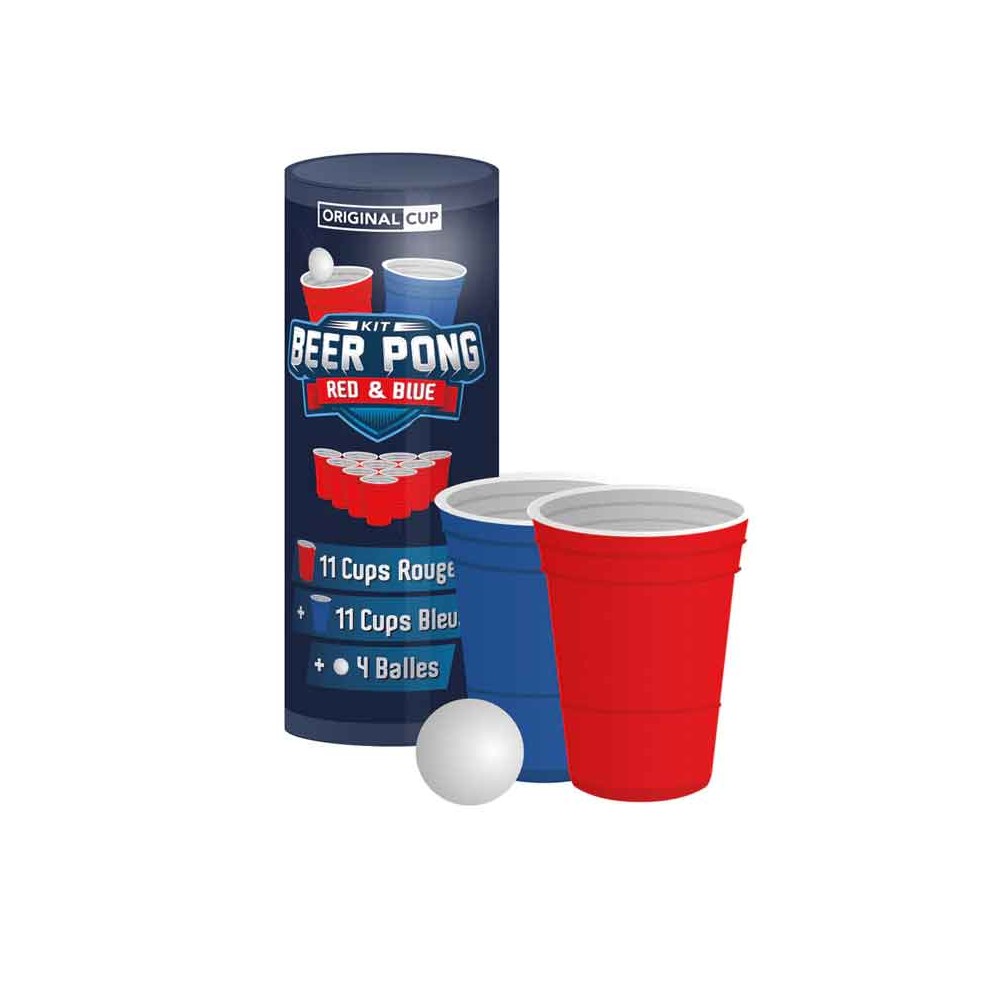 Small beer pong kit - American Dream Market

* * *

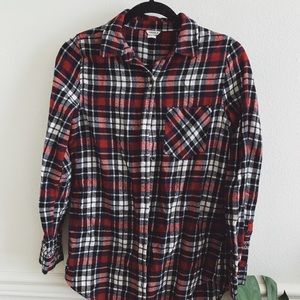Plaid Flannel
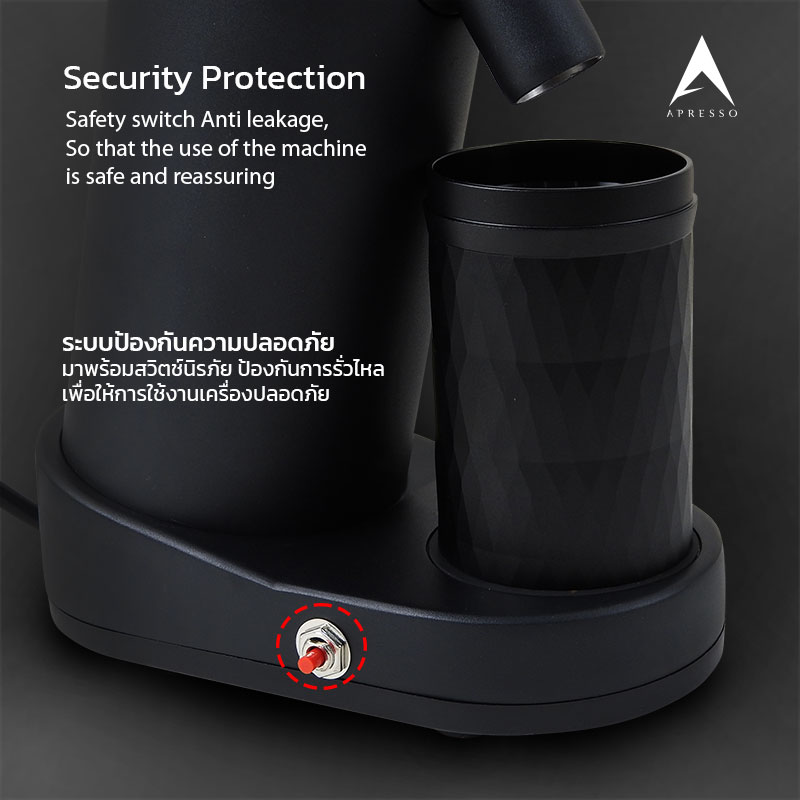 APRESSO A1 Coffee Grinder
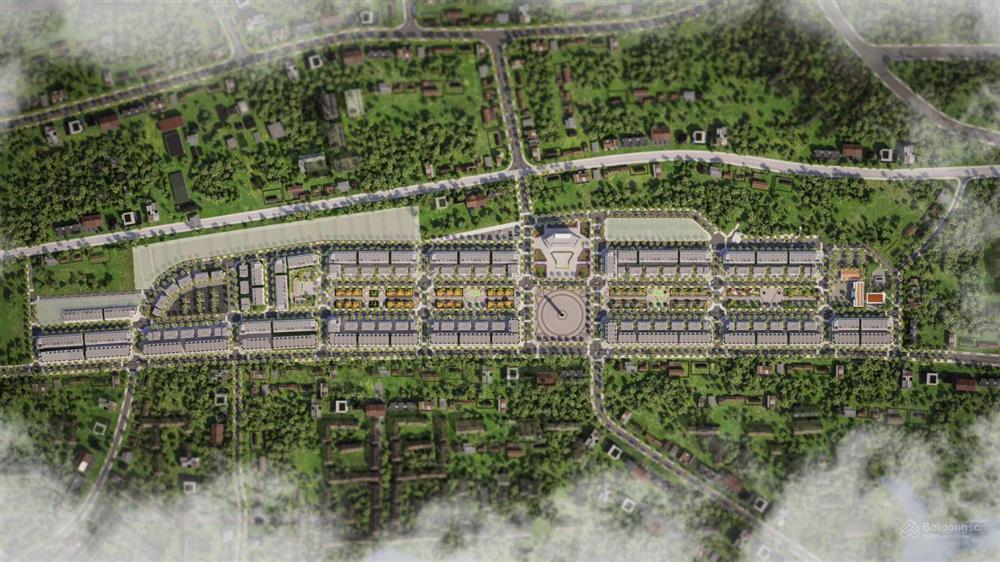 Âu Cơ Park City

#### ACTION ITEM
With pictures omitted, repeat the entries above word for word from the line holding "Plaid Flannel" down to the line holding "Âu Cơ Park City", keeping both of those lines.

#### ANSWER SECTION
Plaid Flannel
 APRESSO A1 Coffee Grinder
 Âu Cơ Park City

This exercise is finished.